▶ **Supplied records**
---

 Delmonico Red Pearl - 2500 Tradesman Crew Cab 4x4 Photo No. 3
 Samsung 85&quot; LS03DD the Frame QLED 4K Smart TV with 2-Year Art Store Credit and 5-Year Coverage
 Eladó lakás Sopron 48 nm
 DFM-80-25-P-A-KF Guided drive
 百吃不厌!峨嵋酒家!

---

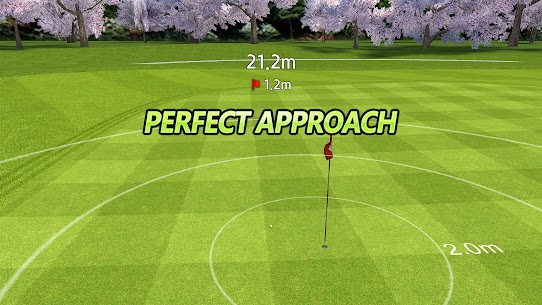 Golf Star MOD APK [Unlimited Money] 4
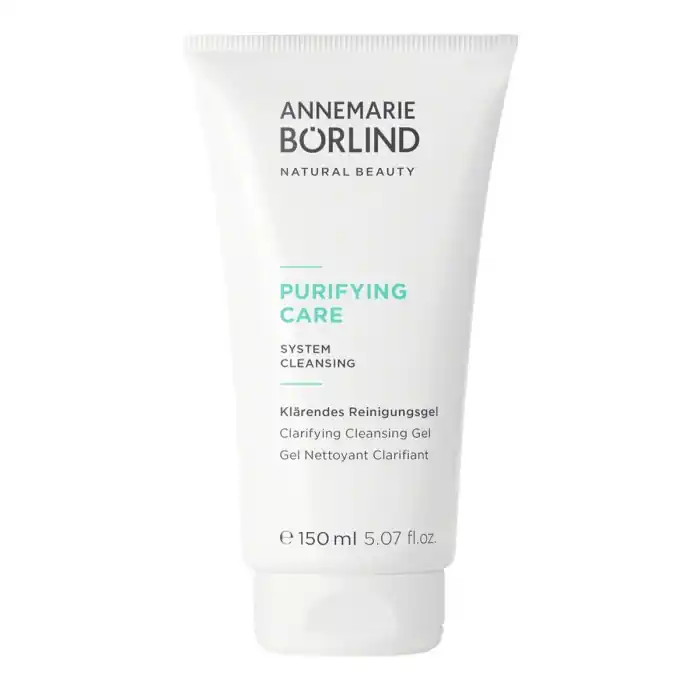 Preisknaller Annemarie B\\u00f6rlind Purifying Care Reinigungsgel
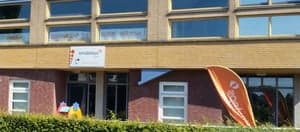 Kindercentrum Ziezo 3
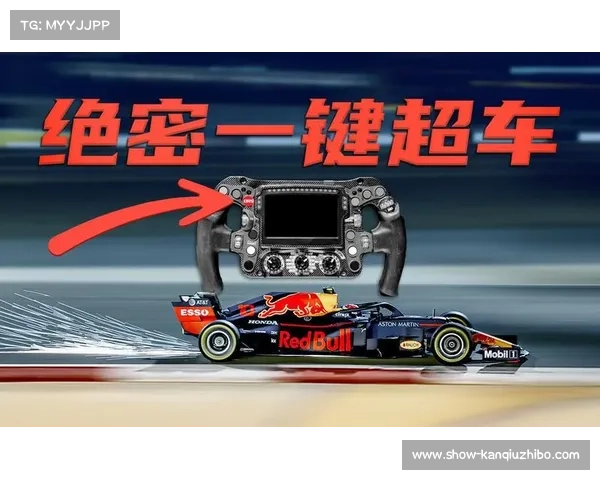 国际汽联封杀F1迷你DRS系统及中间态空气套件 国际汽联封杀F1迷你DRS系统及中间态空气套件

---

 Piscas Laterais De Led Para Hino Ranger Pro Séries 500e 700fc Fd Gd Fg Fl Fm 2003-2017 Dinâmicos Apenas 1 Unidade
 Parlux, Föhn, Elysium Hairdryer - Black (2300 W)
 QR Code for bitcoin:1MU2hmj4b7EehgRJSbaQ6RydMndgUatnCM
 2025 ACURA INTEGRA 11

---

▶ **What is required**
With the pictures omitted, copy the entries above exactly from the line containing "Kindercentrum Ziezo 3" through the line containing "国际汽联封杀F1迷你DRS系统及中间态空气套件 国际汽联", both lines included.

▶ **Result of the task**
 Kindercentrum Ziezo 3
 国际汽联封杀F1迷你DRS系统及中间态空气套件 国际汽联封杀F1迷你DRS系统及中间态空气套件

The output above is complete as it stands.